Neuromorphic technologies will meet AI workload demands

The three main neuromorphic market segments will be consumer, industrial and automotive says Yole’s Neuromorphic Computing and Sensing Report 2021..

Until 2025, neuromorphic for industrial applications will remain a niche market with US $2 billion in 2030 for computing and sensing combined. 

Mobile and other consumer applications will reach $2.8 billion in 2030. 

 Neuromorphic computing for automotive will reach $2 billion in 2030.


Neuromorphic technologies will meet AI workload demands

Nowadays, there is a strong need for Power-efficient technologies to handle in a sustainable manner demanding AI workloads. Neuromorphic technologies are a promising answer to this need as they can perform challenging AI tasks very efficiently. 

The neuromorphic ecosystem consists today of three main categories of players: university & research institute, labs affiliated to large companies and start-ups.

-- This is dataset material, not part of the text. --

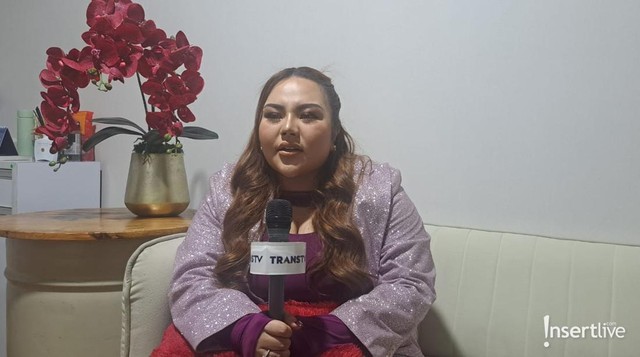 Kabar Terkini Artis dari InsertLive : Pihak RK Sebut Doris Setiawan Ayah Biologis CA, Lisa Mariana: Itu Suami Saya!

Intel and IBM  have developed neuromorphic communities around their chips to help the software ecosystem grow. 

 AI is hungry for performance, and Moore’s law dynamics will not cover the needs of the ongoing 5G/IoT /AR /Robotics revolution. 

“Brute force is currently being used to leverage the power of AI, but this approach is not scalable – it will hit a heat wall, a data wall, and a cost wall,” says Yole’s AdriennSanchez. 

Neuromorphic computing and sensing solutions, mimicking the brain, have key specificities to compete within the existing AI landscape and constraints. 

These technologies will address most of the current challenges and could represent 20% of all AI computing & sensing by 2035. 

Industrial applications will be the first to use neuromorphic technologies, driven by high speed, low latency, and offline learning enabling more autonomous features and performance. 

Players such as Prophesee, Brainchip, and Nepes AI/ General Vision already have products in the market targeting industrial applications, and more players will follow in the coming years. 

The consumer market will also benefit from neuromorphic technologies enabling more AI applications at the edge on battery-powered devices, ensuring privacy and safety of personal data.

 “Current neuromorphic device architectures can also vary significantly with respect to the organization of the memory and computing components on the silicon chips,” says Yole’s Simone Bertolazzi, “there is currently a clear trend towards “in-memory-computing” solutions: several companies are developing designs with mainstream embedded memory, like SRAM, distributed across cores or neurons; various players are also considering the adoption of emerging NVM elements assembled in crossbar arrays, leveraging the “synapsis-like” properties of resistive memories, for example PCM, OxRAM, CBRAM”. 

“In the automotive market, a host of applications will benefit from the low latency and low power consumption of neuromorphic technologies,” says Yole’s Pierre Cambou, “while it will take longer for neuromorphics to be adopted in this promising yet challenging market, some projects have already been announced, such as Xperi’s Driver Monitoring System and Terranet’s ADAS cameras and laser.” 

Additionally, the cloud server market could also benefit from neuromorphic computing technologies, leveraging low latency and online learning to improve the performance of applications such as cybersecurity and fraud detection. 

The considerable power efficiency could also help to limit the power consumption growth in data centres which is a growing concern. 

Large players such as Intel and IBM are already creating neuromorphic server prototypes by assembling their massively scalable Loihi and TrueNorth chips, respectively. 

Start-ups are the first players to bring products to the market for edge computing, targeting industrial, automotive, and consumer applications. They will test new approaches in the market in a real-life environment. 

Universities are forming extensive collaborations, often supported by governments, to develop the technology and understand the hard-science potential. 

This covers a vast range, starting from a simulation of the brain on a silicon chip, and involves partnerships with various companies to develop proofs-of-concept in the field. 

Labs affiliated with large companies are deeply involved in these collaborations and often take the lead. Intel and IBM developed neuromorphic communities around their chips to help the software ecosystem grow, increase the maturity of neuromorphic AI, and test use cases directly with application players.